A file system path. Will only work with a PosixRepository.
mapper : string or instance
.. note:: Deprecated in 12_0
`mapper` will be removed in TBD, it is replaced by `inputs` and `outputs` for
multiple-repository support.
Provides a mapper to be used with Butler.
mapperArgs : dict
.. note:: Deprecated in 12_0
`mapperArgs` will be removed in TBD, it is replaced by `inputs` and `outputs` for
multiple-repository support.
Provides arguments to be passed to the mapper if the mapper input argument is a class type to be
instantiated by Butler.
inputs : RepositoryArgs, dict, or string
Can be a single item or a list. Provides arguments to load an existing repository (or repositories).
String is assumed to be a URI and is used as the cfgRoot (URI to the location of the cfg file). (Local
file system URI does not have to start with 'file://' and in this way can be a relative path). The
`RepositoryArgs` class can be used to provide more parameters with which to initialize a repository
(such as `mapper`, `mapperArgs`, `tags`, etc. See the `RepositoryArgs` documentation for more
details). A dict may be used as shorthand for a `RepositoryArgs` class instance. The dict keys must
match parameters to the `RepositoryArgs.__init__` function.
outputs : RepositoryArgs, dict, or string
Provides arguments to load one or more existing repositories or create new ones. The different types
are handled the same as for `inputs`.

The Butler init sequence loads all of the input and output repositories.
This creates the object hierarchy to read from and write to them. Each
repository can have 0 or more parents, which also get loaded as inputs.
This becomes a DAG of repositories. Ultimately, Butler creates a list of
these Repositories in the order that they are used.

Initialization Sequence
=======================

During initialization Butler creates a Repository class instance & support structure for each object
passed to `inputs` and `outputs` as well as the parent repositories recorded in the `RepositoryCfg` of
each existing readable repository.

This process is complex. It is explained below to shed some light on the intent of each step.

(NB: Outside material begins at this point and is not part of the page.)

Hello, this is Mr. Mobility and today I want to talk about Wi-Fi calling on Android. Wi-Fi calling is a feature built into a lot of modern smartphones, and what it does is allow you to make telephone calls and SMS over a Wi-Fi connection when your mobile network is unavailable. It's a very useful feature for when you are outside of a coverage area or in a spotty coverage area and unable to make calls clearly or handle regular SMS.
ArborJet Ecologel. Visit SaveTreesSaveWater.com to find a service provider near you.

1. Input Argument Standardization
---------------------------------

In `Butler._processInputArguments` the input arguments are verified to be legal (and a RuntimeError is
raised if not), and they are converted into an expected format that is used for the rest of the Butler
init sequence. See the docstring for `_processInputArguments`.

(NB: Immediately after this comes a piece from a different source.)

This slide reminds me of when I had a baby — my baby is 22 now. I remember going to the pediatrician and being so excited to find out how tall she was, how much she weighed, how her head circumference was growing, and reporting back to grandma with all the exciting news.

2. Create RepoData Objects
--------------------------

Butler uses an object, called `RepoData`, to keep track of information about each repository; each
repository is contained in a single `RepoData`. The attributes are explained in its docstring.

After `_processInputArguments`, a RepoData is instantiated and put in a list for each repository in
`outputs` and `inputs`. This list of RepoData, the `repoDataList`, now represents all the output and input
repositories (but not parent repositories) that this Butler instance will use.

3. Get `RepositoryCfg`s
-----------------------

`Butler._getCfgs` gets the `RepositoryCfg` for each repository the `repoDataList`. The behavior is
described in the docstring.

4. Add Parents
--------------

`Butler._addParents` then considers the parents list in the `RepositoryCfg` of each `RepoData` in the
`repoDataList` and inserts new `RepoData` objects for each parent not represented in the proper location
in the `repoDataList`. Ultimately a flat list is built to represent the DAG of readable repositories
represented in depth-first order.

5. Set and Verify Parents of Outputs
------------------------------------

To be able to load parent repositories when output repositories are used as inputs, the input repositories
are recorded as parents in the `RepositoryCfg` file of new output repositories. When an output repository
already exists, for consistency the Butler's inputs must match the list of parents specified the already-
existing output repository's `RepositoryCfg` file.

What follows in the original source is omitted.